The MP David Davis has lamented that the British seem to prefer laws that protect their security rather than guard their liberty. But the first duty of the state is to protect its citizens. If it could not do that, argued Thomas Hobbes, citizens had the right to disobey.
The Latin for state is res publica, ‘the people’s property/business/affairs’, and the Roman statesman Cicero took the view that the res publica was best served by laws whose sole aim was the republic’s ‘security and common interests’ (salus atque utilitas rei publicae). The 17th-century thinkers Hobbes, Locke and Spinoza and 18th-century Americans such as the key republican ‘founding father’ John Adams eagerly took up Cicero’s formulation.
But what does salus actually mean? Hobbes used it to justify state control, Adams independence from British rule. But in the famous Roman formulation salus populi suprema lex esto (‘the security of the people will be the highest law’), the context makes it clear that salus refers to the soldiers’ absolute priority — the protection of citizens and state that only soldiers could provide in times of military crisis.
As for libertas, during the Roman republic that meant equality before the law and protection from abuse by officials; for the elite, it also meant freedom to compete for high office on equal terms (no dictators). Speech did not come into it — unless it threatened public order or state security.

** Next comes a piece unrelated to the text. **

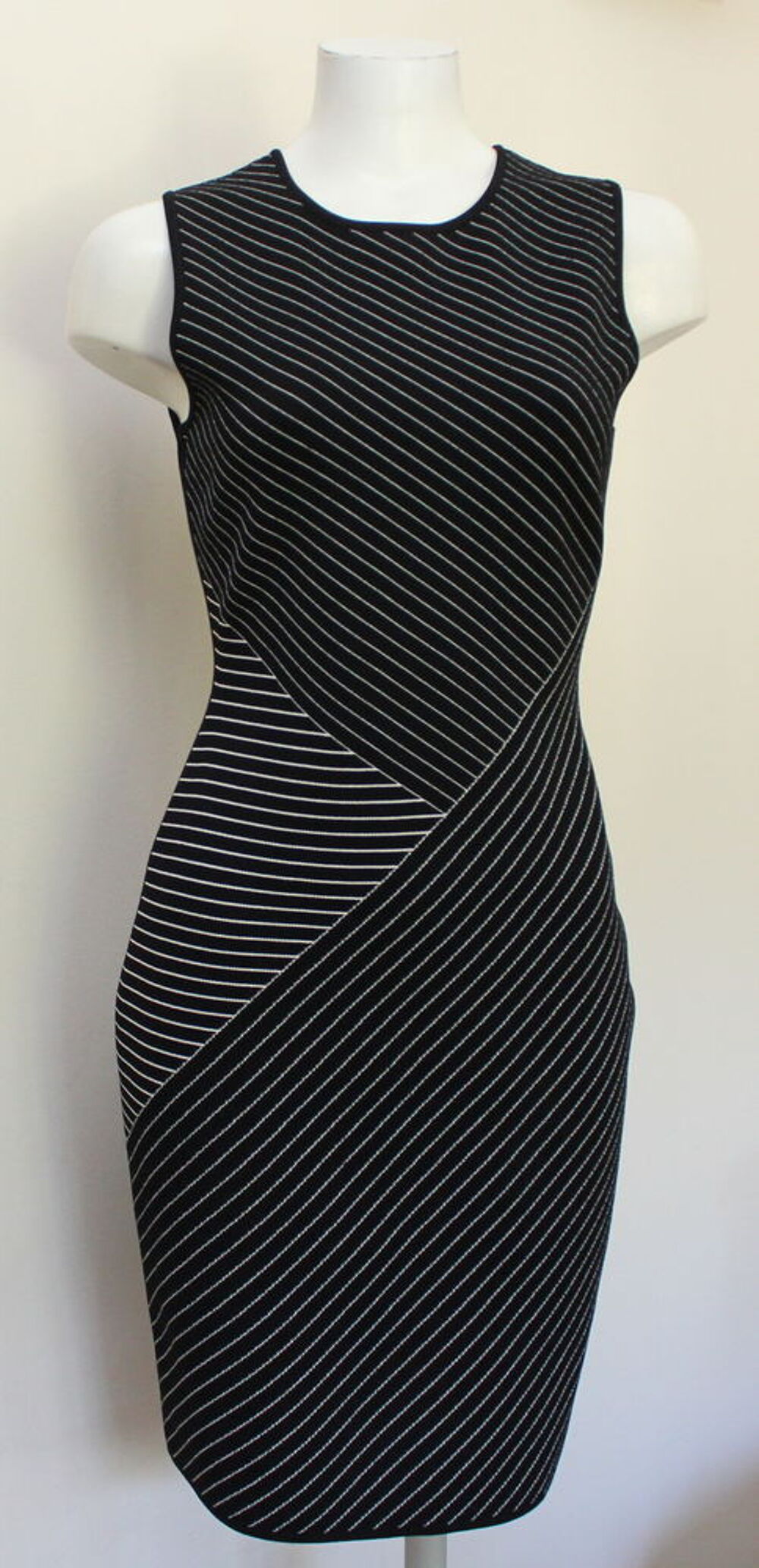 Robe g&eacute;om&eacute;trique noir et blanc ALEXANDER WANG T.M Vêtements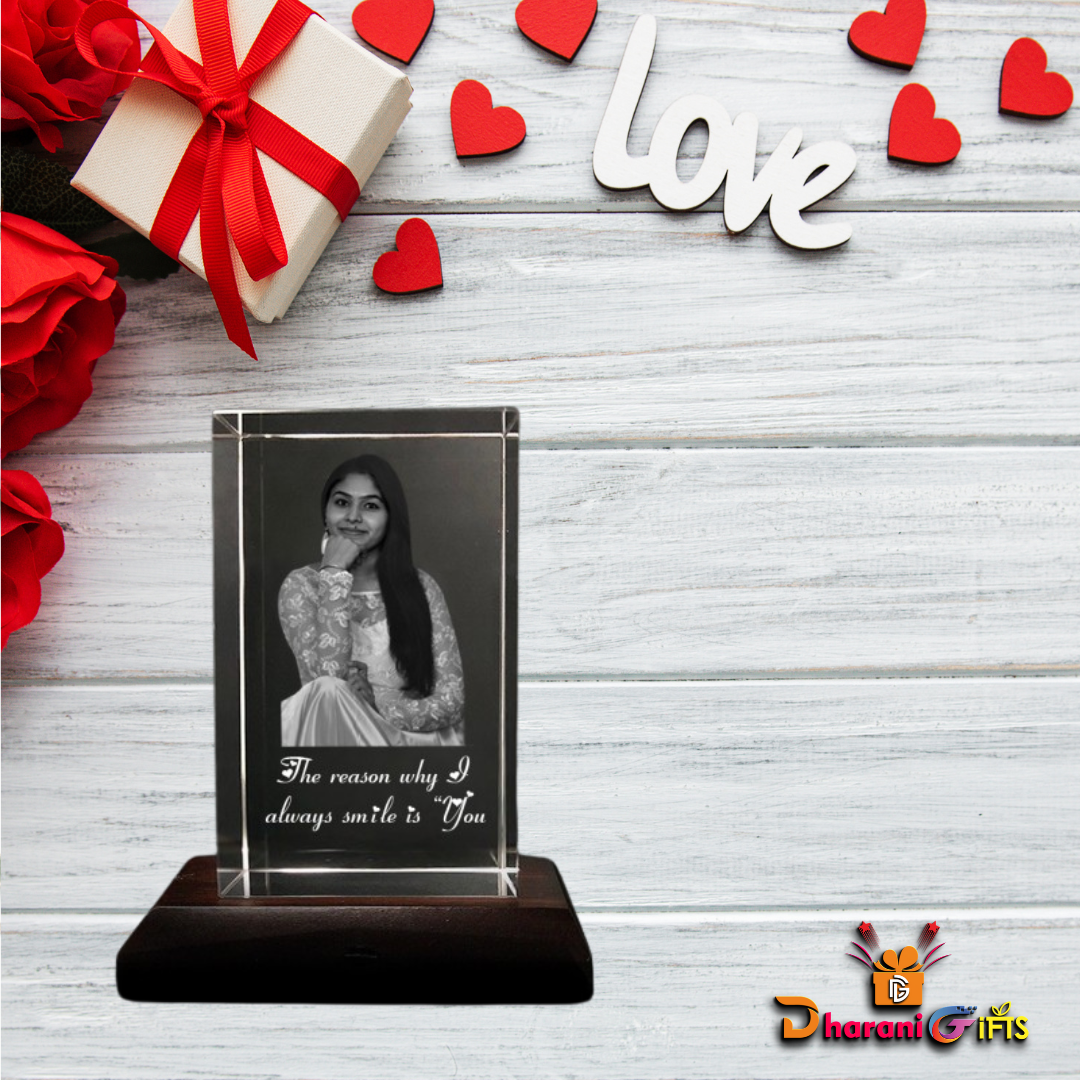 2D Crystal cube with Personalized Photo engraving(Size: 4x4x6cm)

Thanks to the internet and a global world, threats from free speech to the salus of our state are far more severe. They must therefore meet with a more severe response. Since we do not want a Hobbesian solution — people taking the law into their own hands because the state will not protect them — the question becomes: how far can the law protect us? Lawyers assent to the proposition fiat iustitia, ruat caelum: ‘let justice be done, though the heavens fall in’ (1602). But one needs life to enjoy liberty; and if the heavens do fall in because the law does not deliver security, where is the liberty (let alone justice) in that?